Might be a good idea to express the yield in the unit of measure. The .83 most likely represents .83 grams, but that may or may not be the case, or clear to those that are not familiar with your thoughts. 

I make a point of this because precious metals are generally discussed in terms of troy ounces, not grams. 

Harold


----------



## glondor (Jun 26, 2011)

For a comparison I recovered .91 gram from 12 oz of fingers. This is the amount of fingers from 10 pounds of memory. I thought my return was low as well. A/R method.


----------



## samuel-a (Jun 26, 2011)

Sure Harold, i agree with your point.
I've added 'g' marking to the original post.

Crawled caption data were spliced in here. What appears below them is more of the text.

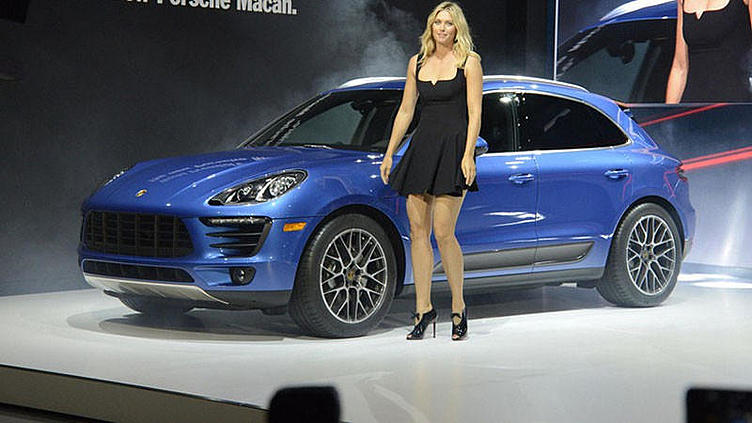 Porsche: мы хотим, чтобы наши автомобили начали покупать женщины Porsche: мы хотим, чтобы наши автомобили начали покупать женщины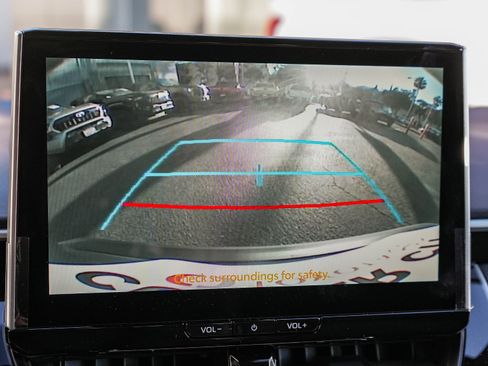 New 2026 Toyota Corolla XSE image 26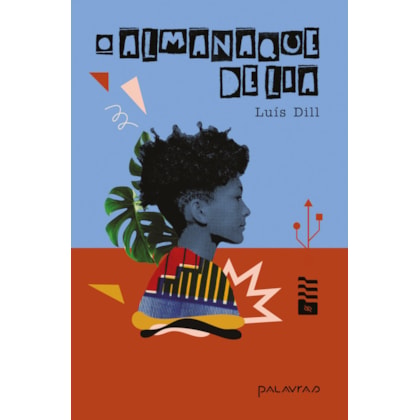 O ALMANAQUE DE LIA
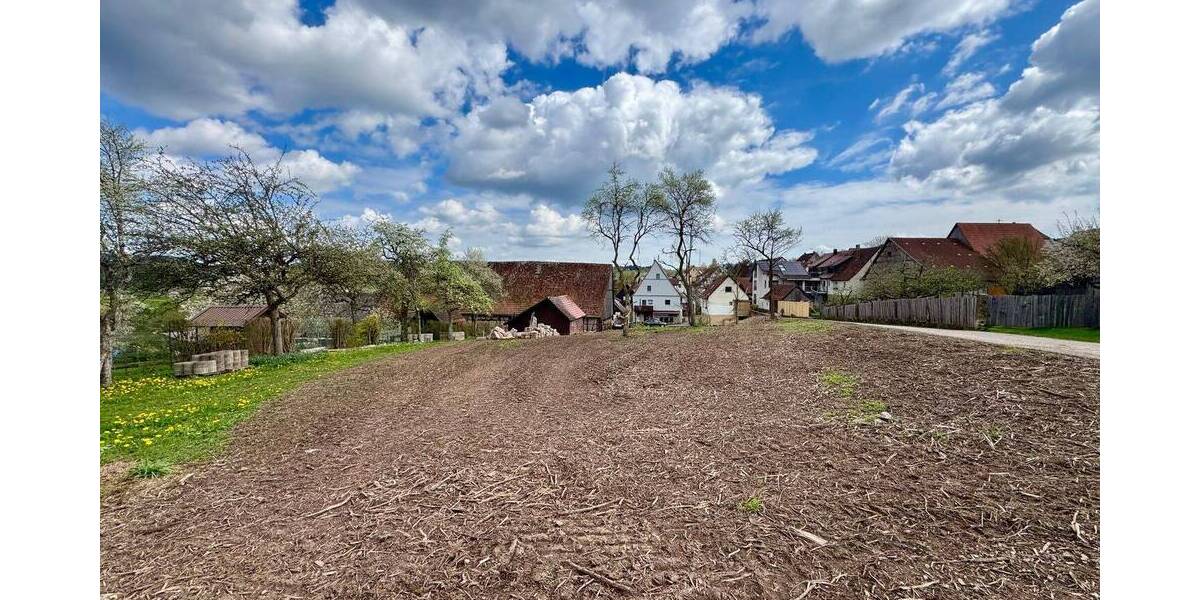 Grundstück Calw Holzbronn - 365.000&euro; | Angebot:26219265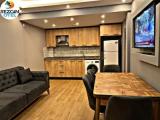 Family Duplex Bungalow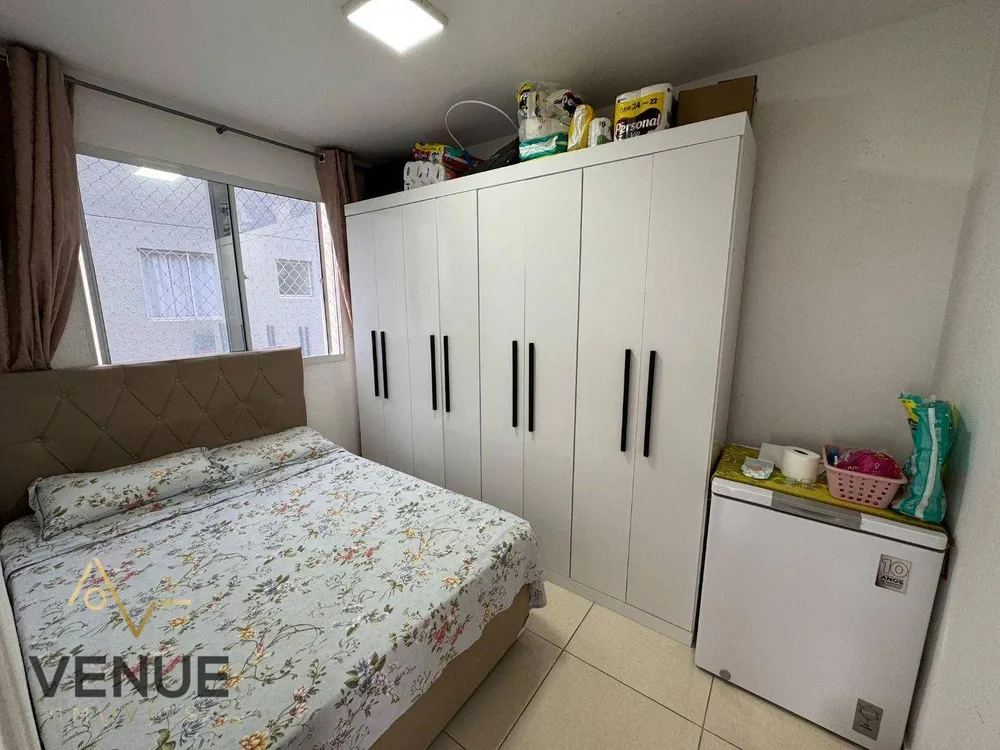 Apartamento, 2 quartos, 42 m² - Foto 4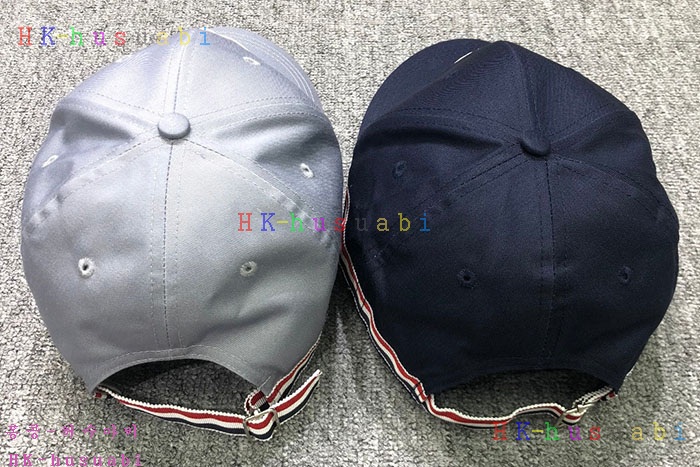 NEW 톰브라운 모자 신상 TB 558221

Thanks glondor for comparing note with me. Your numbers equals to: 1.21g /lb


----------



## lazersteve (Jun 28, 2011)

samuel-a said:


> Last week i ran a batch of neatly trimmed memory fingers.tested your left
> Gold yield turned out : 0.83g /lb
> 
> Does that figure seems reasonable to you guys?
> Memory sticks are all late 90' or younger, even so, seems kinda low yield to me...




Have you tested your leftover solutions for gold using stannous chloride?

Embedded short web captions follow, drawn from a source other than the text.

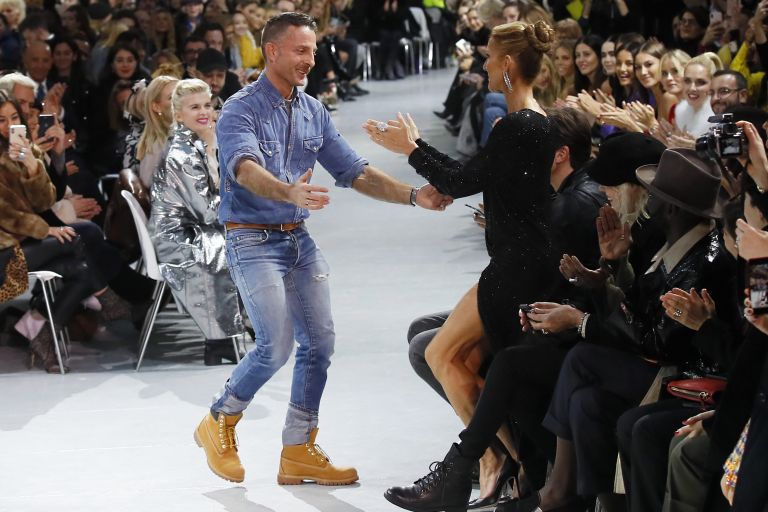 Η Σελίν Ντιόν είναι το νέο fashion icon; ΦΩΤΟ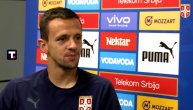 "Kvalitetniji smo od Švedske, nadamo se pobedi": Maksimović pun samopouzdanja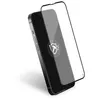 Image de Protège écran Forceglass 3D Anti-impact Transparent pour iPhone 14 13 13 Pro 16e et 17e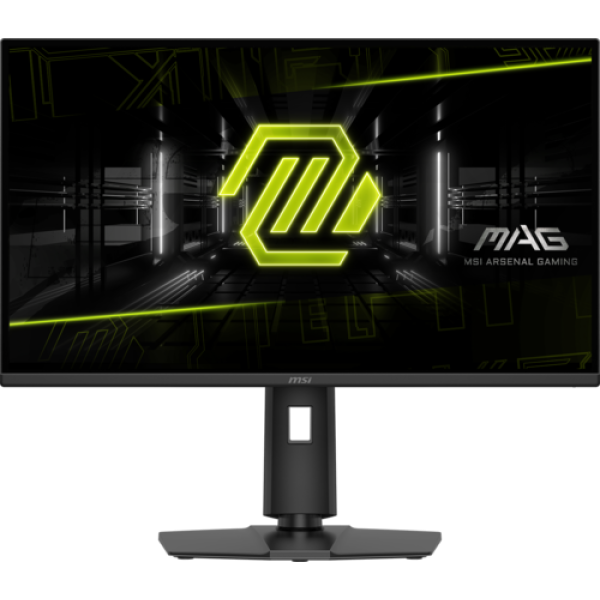 27" Монитор MSI MAG 275UPD E14 черный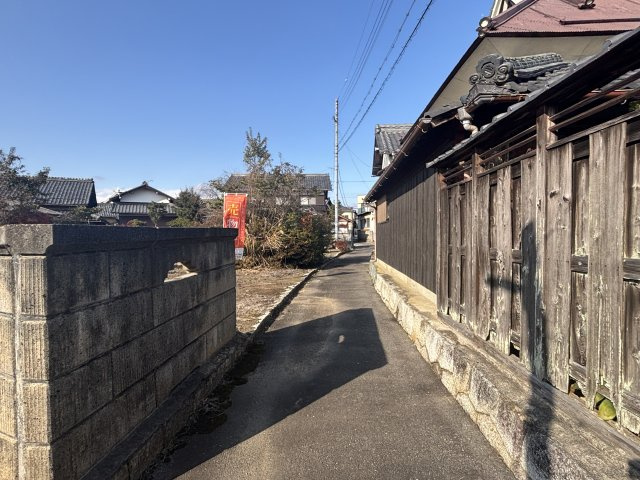 東近江市桜川西の周辺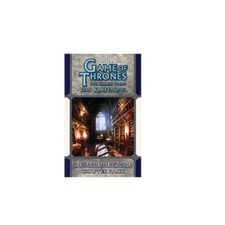 Jeu de cartes Le trône de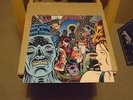 IGGY POP.BRICK BY BRICK.LP.VIRGIN AMERICA.1990.VG.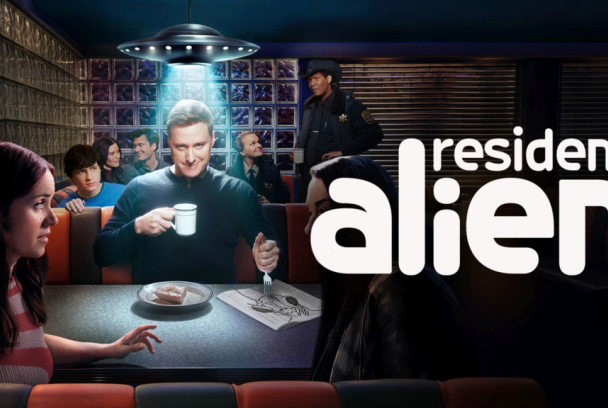 Resident Alien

Also are you measuring the yield as grams per pound of trimmed fingers or grams per pound of memory sticks?

Steve


----------



## samuel-a (Jun 29, 2011)

lazersteve said:


> Have you tested your leftover solutions for gold using stannous chloride?



Hi Steve

Sure, it was tested..
While still hot, the first AR leach was indeed positive for gold, for experiment sake i have seperated the 1st AR leach from the fingers while still hot and let it cool back. Upon cooling, gold had been pushed out of solution to settle on the bottom and stannous test turned negative.
For the extra caution, once gold had been filtered out, a flat sheet of copper was hanged in the now (probably) spent AR. No cementation occurred.

The gold from the first leach was combined with the second AR leach.



lazersteve said:


> Also are you measuring the yield as grams per pound of trimmed fingers or grams per pound of memory sticks?



Yes, i probably should have mentioned this, the yield is per pound of trimmed fingers.
I kept statistics of this batch on a note in my lab that i will share later today.

The only 'vriable' that i can think of at the moment and it might be a long shot, if there's really gold missing, it might still be trapped in cavities and between the layers of the fingers board.
Though i doubt it, since the fingers (and gold remains from first AR) was cooked in the second AR enough time and with sufficient nitric and washed thoroughly with water.
I think i'll put them fingers for another round of AR to eliminate (or confirme) this theory.


----------



## lazersteve (Jun 29, 2011)

Your yields are indeed very low. Perhaps you dissolved some of the gold in your wash cycle or had losses due to splattering.

Steve


----------



## dtectr (Jun 29, 2011)

An excess of nitric may be keeping your gold in suspension - 
Did you use any precipitant besides time & the copper plate? 
Was your stannous solution new & fresh?
I've seen strange things with a vital, full & galloping AR solutions. Experience will teach me more, I guess. That is one reason why Hoke's "Familiarization Experiments" are such a revolutionary way to learn reactions.
Keep us posted & good luck!


----------



## samuel-a (Jul 1, 2011)

Thanks for the suggestions guys.
I have proven (to myself that is) that the first leach didn't contain any values after it had cooled down, by saturating with Cu and repeated filtrations.

The other options i guess is that maybe some values are still left on/in fingers (still on the to do list)
OR
Just accept the fact the the yields are low on most newer kinds of memory sticks...


----------



## samuel-a (Jul 4, 2011)

samuel-a said:


> The other options i guess is that maybe some values are still left on/in fingers (still on the to do list)



Well.. this one is eliminated too...
Re-leacing of the fingers in dilute AR turned unfurtile.

I'm kinda stumped by that yield... 
Seems like all option was covered... oh well... disappointment is part of life... 8)


----------



## samuel-a (Jul 18, 2011)

samuel-a said:


> samuel-a said:
> 
> 
> > The other options i guess is that maybe some values are still left on/in fingers (still on the to do list)
> ...



After sitting unattended in AR for few weeks, a stannous test now show now positive for gold... seems very dilute though...
It's amazing how much more copper dissolved as well from the already AR proccesed fingers...

Anyways... i hope to update soon with numbers.
Hopefully someone will find this data useful.


----------